The racial identity development model effectively worked with the Carter family. It helped to identify the stages of self-appreciation and attitudes of the family and each of its members. James was at a different phase from his parents and required appropriate counseling. The relationship inside a family improved because the identity model explained the motivation of James’s actions, as well as helped parents to gain an understanding of a multiracial background influence on their son. The important limitation concerning the Carter family is that these models do not consider the other conditions of a person’s life. Thus, the deficiency decreased the level of counseling impact on Sarah as it could not assist with her mother and brothers. The extended part of the family represents diversity as well, and identity development models do not consider an individual’s family background. To overcome this limitation, Sarah was counseled directly to deal with her issues as a part of the African-American family, where she was the only daughter. It helped to discover the stage of her identity development, and choose the right way of helping.
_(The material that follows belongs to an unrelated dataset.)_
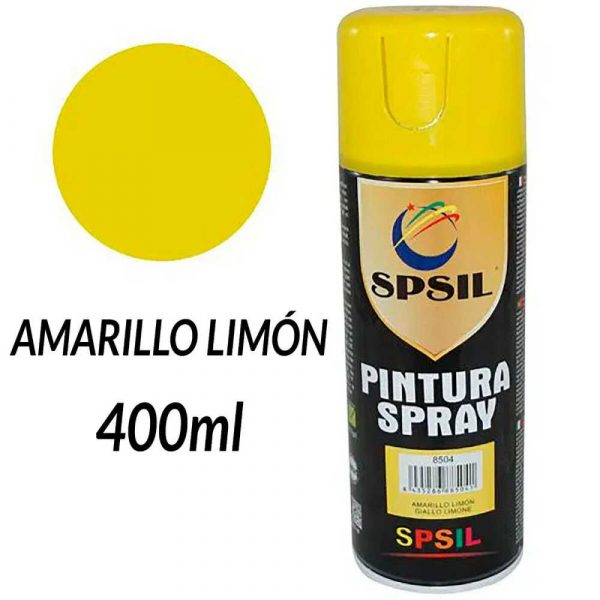 Lata color Amarillo SPSIL - Imagen 2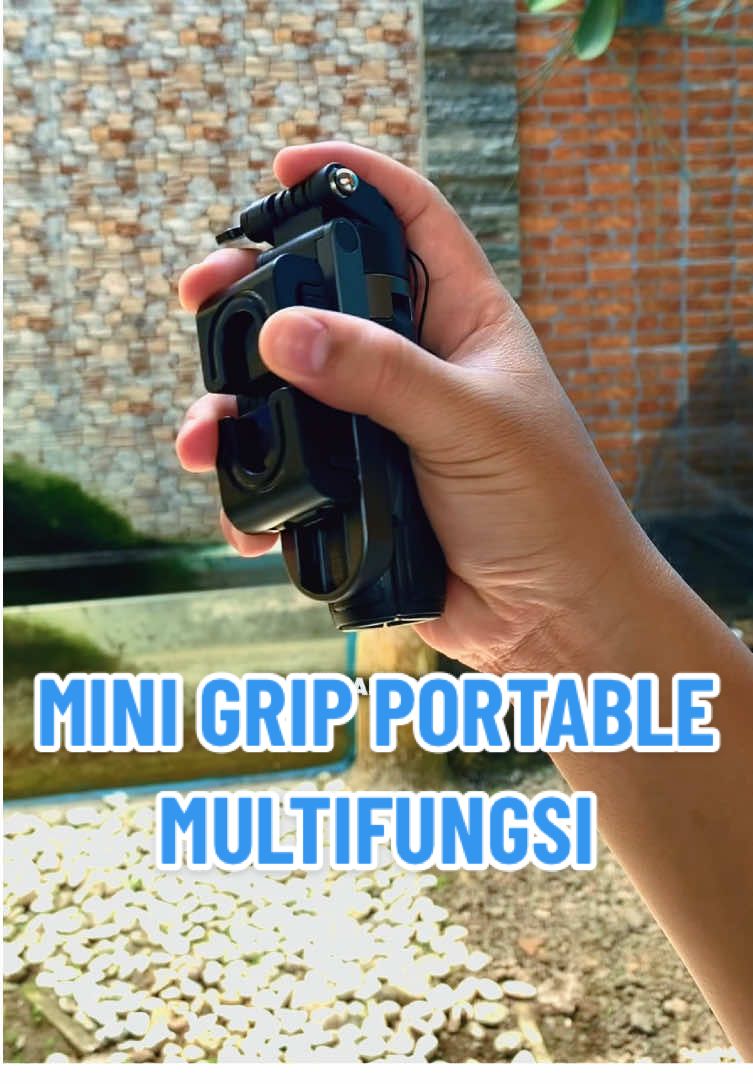 Grip hp mini portabel aluminium #SiPalingAffiliate #ModalKontenDoang #tripodmini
The most appropriate strategy to resolve the conflict in the case of a multiracial family is to use the psychoeducational approach. It is necessary to give an understanding of the reasons for the actions of family members, so they appreciate each other and will not argue. The strategy to educate the Carter family will effectively improve their relationships. It will help Sarah to accept that her son is multiracial, and if James is educated about diversity with its good impacts, his self-acceptance will increase, eradicating the basis for conflicts. The strategy is frequently used while counseling the minority representatives, and it confirms the efficiency of the psychoeducational approach.
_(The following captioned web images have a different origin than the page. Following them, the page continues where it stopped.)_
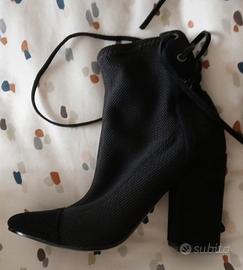 Schutz stivaletto donna in tessuto tecnico 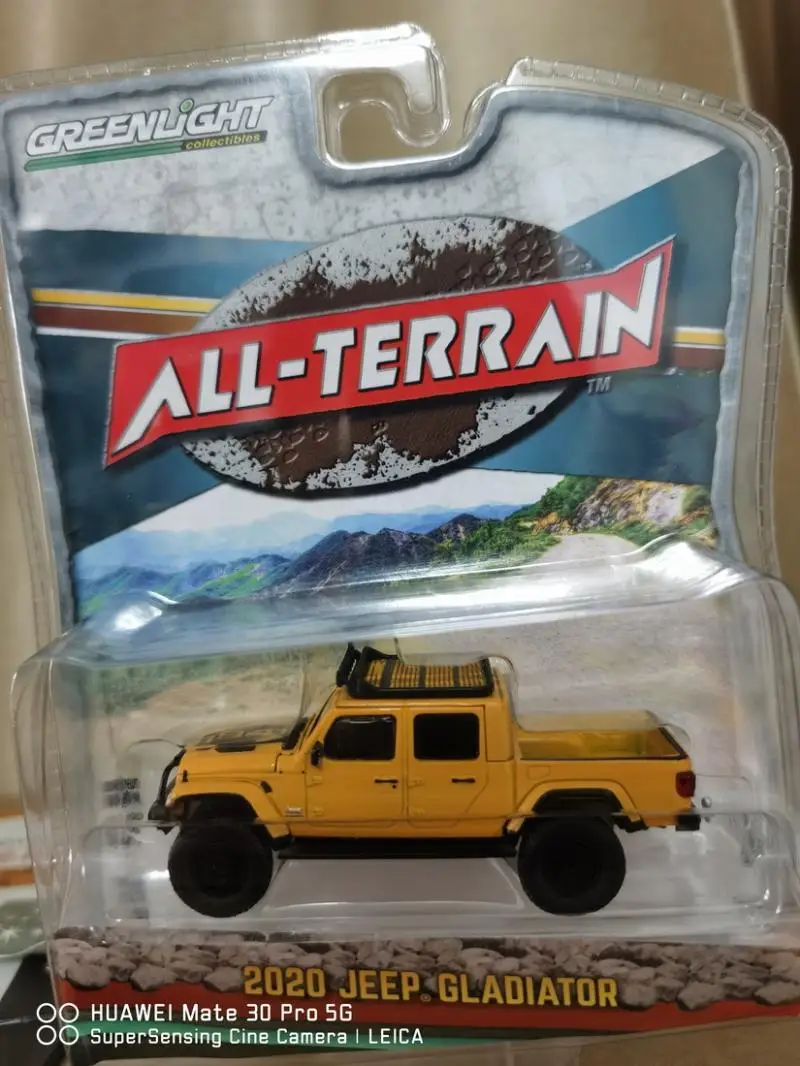 GreenLight 1/64 2020 Jeeps gladiators off-road vehicles Collection of Simulation Alloy Car Model Children Toys
GreenLight 1/64 2020 Jeeps gladiators off-road vehicles Collection of Simulation Alloy Car Model Children Toys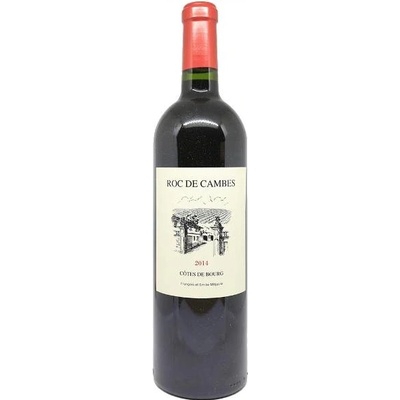 Château Roc de Cambes Cuvée suché červené 2014 15% 0,75 l (čistá fľaša)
The promotion of optimal wellness is a part of the counselor’s profession and includes such strategies as a healthy lifestyle, emotional intelligence, and responsibility for the atmosphere in a family. Counselors must be aware that stressors affect multiracial clients differently and must strategically cultivate interventions considering health implications for particular types of racial stressors (Franco et al., 2020). The strategies highly recommended to the Carter family are to live healthily and to behave consciously in the family. It is appropriate because, at James’s age, emotions are difficult to control, and the environment of acceptance and care will help him reach the emotional balance. Furthermore, the calmer James is, the fewer conflicts appear inside the family, and these conditions are perfect for achieving optimal wellness.
Franco, M., & O’Brien, K. M. (2020). Taking racism to heart: Race‐related stressors and cardiovascular reactivity for multiracial people. Journal of Multicultural Counseling and Development, 48(2), 83-94. Web.
Sims, J. P., & Joseph-Salisbury, R. (2018). “We were all just the black kids”: Black mixed-race men and the importance of adolescent peer groups for identity development. Social Currents, 6(1), 51-66. Web.
Sue, D. W., & Sue, D. (2016). Counseling the culturally diverse: Theory and practice. (7th ed.). Wiley.